Known as the “beauty crew,” the five-woman team spent a rainy Monday afternoon planting pink snapdragons alongside the Parks Highway near the Westside Center on Commercial Drive.
Crew chief Jana Griffin, a full-time public works employee, said the flower crew has been at it since June 1, sprucing up the city by planting flowers just about anywhere they can.
“Light pole baskets, highway beds, city buildings, the police station,” Griffin said.
After five weeks of nonstop work, Griffin said Monday’s plantings were among the last the crew will do this summer. Once the flowers are all planted, the crew will switch into maintenance mode.
“It usually takes us until about the Fourth of July,” she said. “It’s a long project.”

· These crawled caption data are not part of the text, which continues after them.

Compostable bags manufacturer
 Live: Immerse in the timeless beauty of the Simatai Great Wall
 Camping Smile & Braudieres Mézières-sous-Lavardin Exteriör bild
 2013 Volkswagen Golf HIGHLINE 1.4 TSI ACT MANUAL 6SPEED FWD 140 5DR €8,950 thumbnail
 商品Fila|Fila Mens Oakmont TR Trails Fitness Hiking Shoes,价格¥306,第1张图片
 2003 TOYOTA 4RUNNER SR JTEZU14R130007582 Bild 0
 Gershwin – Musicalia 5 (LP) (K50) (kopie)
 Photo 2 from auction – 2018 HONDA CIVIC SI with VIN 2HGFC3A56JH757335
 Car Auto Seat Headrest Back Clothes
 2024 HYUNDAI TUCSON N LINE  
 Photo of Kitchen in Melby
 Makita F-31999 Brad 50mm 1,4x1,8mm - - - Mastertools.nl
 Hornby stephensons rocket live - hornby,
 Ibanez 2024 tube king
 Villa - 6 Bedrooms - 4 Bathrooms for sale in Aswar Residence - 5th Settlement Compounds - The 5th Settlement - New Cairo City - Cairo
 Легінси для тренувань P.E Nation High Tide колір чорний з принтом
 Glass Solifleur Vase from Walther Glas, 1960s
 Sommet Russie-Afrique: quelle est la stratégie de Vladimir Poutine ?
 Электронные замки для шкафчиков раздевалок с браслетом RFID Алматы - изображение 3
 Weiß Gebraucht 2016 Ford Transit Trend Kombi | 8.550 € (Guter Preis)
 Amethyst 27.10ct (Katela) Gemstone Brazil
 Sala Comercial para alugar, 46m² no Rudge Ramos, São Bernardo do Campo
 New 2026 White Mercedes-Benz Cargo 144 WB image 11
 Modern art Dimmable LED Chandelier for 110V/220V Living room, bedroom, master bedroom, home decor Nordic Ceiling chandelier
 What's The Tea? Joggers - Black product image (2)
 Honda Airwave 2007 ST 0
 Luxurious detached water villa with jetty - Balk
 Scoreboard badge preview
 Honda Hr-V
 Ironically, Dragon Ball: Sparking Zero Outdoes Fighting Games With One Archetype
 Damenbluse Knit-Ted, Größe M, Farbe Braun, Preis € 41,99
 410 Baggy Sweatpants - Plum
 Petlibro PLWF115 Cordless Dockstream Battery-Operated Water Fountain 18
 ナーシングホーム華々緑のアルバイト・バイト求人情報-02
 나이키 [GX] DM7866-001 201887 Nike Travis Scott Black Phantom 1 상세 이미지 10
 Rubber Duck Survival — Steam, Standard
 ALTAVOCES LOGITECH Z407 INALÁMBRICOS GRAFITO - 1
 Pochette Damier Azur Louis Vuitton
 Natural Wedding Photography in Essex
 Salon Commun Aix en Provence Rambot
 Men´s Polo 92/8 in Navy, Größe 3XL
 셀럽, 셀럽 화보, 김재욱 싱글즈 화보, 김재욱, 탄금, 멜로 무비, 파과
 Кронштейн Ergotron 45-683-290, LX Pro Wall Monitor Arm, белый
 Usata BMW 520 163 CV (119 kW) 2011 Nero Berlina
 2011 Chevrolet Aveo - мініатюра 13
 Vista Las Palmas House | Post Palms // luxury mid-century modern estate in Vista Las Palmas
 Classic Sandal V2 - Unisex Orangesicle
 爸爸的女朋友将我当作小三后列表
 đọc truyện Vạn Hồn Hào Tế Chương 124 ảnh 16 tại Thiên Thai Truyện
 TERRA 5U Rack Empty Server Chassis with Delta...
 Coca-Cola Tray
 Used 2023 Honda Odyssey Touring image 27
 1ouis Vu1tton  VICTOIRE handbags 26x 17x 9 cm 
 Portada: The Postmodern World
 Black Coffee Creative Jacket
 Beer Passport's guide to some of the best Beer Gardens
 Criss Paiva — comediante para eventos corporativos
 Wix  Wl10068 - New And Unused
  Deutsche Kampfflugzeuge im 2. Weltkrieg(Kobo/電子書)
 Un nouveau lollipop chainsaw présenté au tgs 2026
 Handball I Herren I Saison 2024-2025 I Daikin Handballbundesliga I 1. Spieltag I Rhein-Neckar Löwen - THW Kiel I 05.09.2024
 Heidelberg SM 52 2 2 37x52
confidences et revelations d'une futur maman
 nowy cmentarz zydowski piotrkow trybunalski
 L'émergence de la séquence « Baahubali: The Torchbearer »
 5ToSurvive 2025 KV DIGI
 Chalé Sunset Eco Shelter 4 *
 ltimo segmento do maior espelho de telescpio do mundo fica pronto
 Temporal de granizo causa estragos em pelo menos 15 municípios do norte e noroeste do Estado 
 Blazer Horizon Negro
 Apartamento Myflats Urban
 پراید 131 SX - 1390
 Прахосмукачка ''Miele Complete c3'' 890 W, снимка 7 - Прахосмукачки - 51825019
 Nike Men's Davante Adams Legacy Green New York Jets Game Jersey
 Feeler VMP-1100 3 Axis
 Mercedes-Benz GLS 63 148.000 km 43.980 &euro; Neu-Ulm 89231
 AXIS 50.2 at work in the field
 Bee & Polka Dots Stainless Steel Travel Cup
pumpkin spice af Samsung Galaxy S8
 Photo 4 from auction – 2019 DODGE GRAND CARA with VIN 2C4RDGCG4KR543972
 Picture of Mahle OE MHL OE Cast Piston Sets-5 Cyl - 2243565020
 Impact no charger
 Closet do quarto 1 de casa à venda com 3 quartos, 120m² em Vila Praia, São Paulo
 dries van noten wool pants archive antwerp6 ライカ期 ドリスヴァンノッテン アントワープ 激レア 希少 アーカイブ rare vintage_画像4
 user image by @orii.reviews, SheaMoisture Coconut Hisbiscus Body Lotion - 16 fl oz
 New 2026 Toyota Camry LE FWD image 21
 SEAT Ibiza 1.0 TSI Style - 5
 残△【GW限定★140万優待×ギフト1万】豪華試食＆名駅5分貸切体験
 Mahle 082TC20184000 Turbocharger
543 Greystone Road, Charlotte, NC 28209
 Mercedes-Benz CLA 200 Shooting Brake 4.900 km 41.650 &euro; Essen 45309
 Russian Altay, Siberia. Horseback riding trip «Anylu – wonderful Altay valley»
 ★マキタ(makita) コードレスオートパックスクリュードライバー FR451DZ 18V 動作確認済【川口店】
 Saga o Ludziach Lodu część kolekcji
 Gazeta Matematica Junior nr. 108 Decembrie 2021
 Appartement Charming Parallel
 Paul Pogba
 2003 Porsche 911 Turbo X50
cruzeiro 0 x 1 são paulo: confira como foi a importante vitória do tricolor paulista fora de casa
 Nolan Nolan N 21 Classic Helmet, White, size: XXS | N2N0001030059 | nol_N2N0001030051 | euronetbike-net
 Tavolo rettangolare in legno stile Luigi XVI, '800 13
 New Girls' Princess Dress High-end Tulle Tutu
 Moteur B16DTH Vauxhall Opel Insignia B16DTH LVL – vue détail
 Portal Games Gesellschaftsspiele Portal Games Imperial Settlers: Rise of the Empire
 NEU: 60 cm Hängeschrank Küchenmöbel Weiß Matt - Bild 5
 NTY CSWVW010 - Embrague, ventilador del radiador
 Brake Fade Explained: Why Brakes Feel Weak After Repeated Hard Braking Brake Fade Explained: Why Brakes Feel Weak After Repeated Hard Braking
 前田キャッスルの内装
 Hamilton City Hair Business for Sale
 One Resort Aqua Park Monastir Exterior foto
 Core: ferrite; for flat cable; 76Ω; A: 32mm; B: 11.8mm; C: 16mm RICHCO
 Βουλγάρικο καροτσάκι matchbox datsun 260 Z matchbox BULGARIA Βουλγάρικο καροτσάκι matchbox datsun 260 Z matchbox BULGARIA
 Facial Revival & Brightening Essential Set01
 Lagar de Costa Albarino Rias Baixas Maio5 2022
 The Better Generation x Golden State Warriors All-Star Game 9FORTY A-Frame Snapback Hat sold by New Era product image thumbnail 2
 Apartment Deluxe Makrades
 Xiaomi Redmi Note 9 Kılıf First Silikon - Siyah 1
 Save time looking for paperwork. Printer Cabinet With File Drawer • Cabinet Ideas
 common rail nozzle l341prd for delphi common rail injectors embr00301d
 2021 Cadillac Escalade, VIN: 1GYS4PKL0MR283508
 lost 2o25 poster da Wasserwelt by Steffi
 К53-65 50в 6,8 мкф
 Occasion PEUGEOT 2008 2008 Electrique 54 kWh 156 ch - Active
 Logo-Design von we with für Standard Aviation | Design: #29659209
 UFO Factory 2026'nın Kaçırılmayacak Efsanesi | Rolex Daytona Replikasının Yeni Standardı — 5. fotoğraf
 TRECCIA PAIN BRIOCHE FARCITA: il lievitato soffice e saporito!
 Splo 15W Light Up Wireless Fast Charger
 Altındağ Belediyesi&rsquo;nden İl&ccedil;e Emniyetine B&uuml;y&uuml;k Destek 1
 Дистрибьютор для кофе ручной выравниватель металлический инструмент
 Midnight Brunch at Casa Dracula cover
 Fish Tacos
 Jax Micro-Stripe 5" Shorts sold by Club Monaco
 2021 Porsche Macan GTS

Griffin’s summer-hire crew includes Gabrielle Becker, Jessica Craver, Rachel Shepard and Shayla Johnson. On Monday, the crew first dug weeds from the roadside flower beds, then tilled the soil in preparation for planting the bright pink flowers.
All five women wore rain gear as they tried to stay somewhat dry while kneeling in the wet topsoil.
Taking a break from running the tiller, Craver said the beauty crew has been an enjoyable way to spend her summer.
“It’s pretty cool,” she said. “Working outside is nice.”
Becker, however, had a different take.
“Except for today,” she laughed as light rain continued to fall.
Griffin said the crew will continue to work maintaining the city’s flower beds and baskets thorough the end of the summer. Flowers around town must be constantly monitored to make sure they’re doing well.
“You’ve got to kind of stay on top of it all the time,” she said.
After planting the snapdragons, Griffin said the crew was heading for Lucas Road, where another bed was waiting for a fresh delivery of flowers.
Griffin said some of the flowers are ordered from private growers, though most are Valley grown in the city’s greenhouses.
“We grow most of the stuff we have,” she said.
Once the summer is over, the flowers will be taken down in anticipation of the winter.
“Come October, we’ll have them all pulled,” she said. “Then I go back into maintenance.”